翔太と一緒に帰る約束をしていたが、「うん。」とすぐ答えた。
七海の少し緊張した顔を見て、何か大事なはなしがあるんだと感じた。
わたしにとって大事なはなしが。

「翔太に七海と帰るってメールするね。」
みちるの後ろ姿をみながら、七海は考えていた。

―どう忠告したらいいのかな―

七海とみちるは幼稚園から一緒だ。

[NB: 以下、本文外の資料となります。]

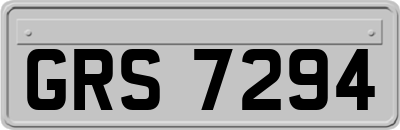 GRS7294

七海にとって、みちるは妹みたいな存在。
中学の時、同じ男の子を好きになった。
「いつ告白するの?」とみちるは七海に聞いた。
ともだちに彼氏が出来るのが、楽しみでしかたないといった風に。

みちるは恋と友情を天秤にかけて、迷いなく友情をとった。
七海は胸が苦しくなった。
「フラれちゃうかもしれないんだから、期待もたせないでよね!」
そう言いながら、

―みちるはわたしが守るんだ―
と、七海には、母のような彼氏のような、不思議な力強い思いがわいてきていた。

「七海、翔太から返事きたよ。OK!(^∀^)ノだって」
みちるの声で、七海はハッとした。
七海は、みちるの顔をみて自分の迷いに踏ん切りがついた。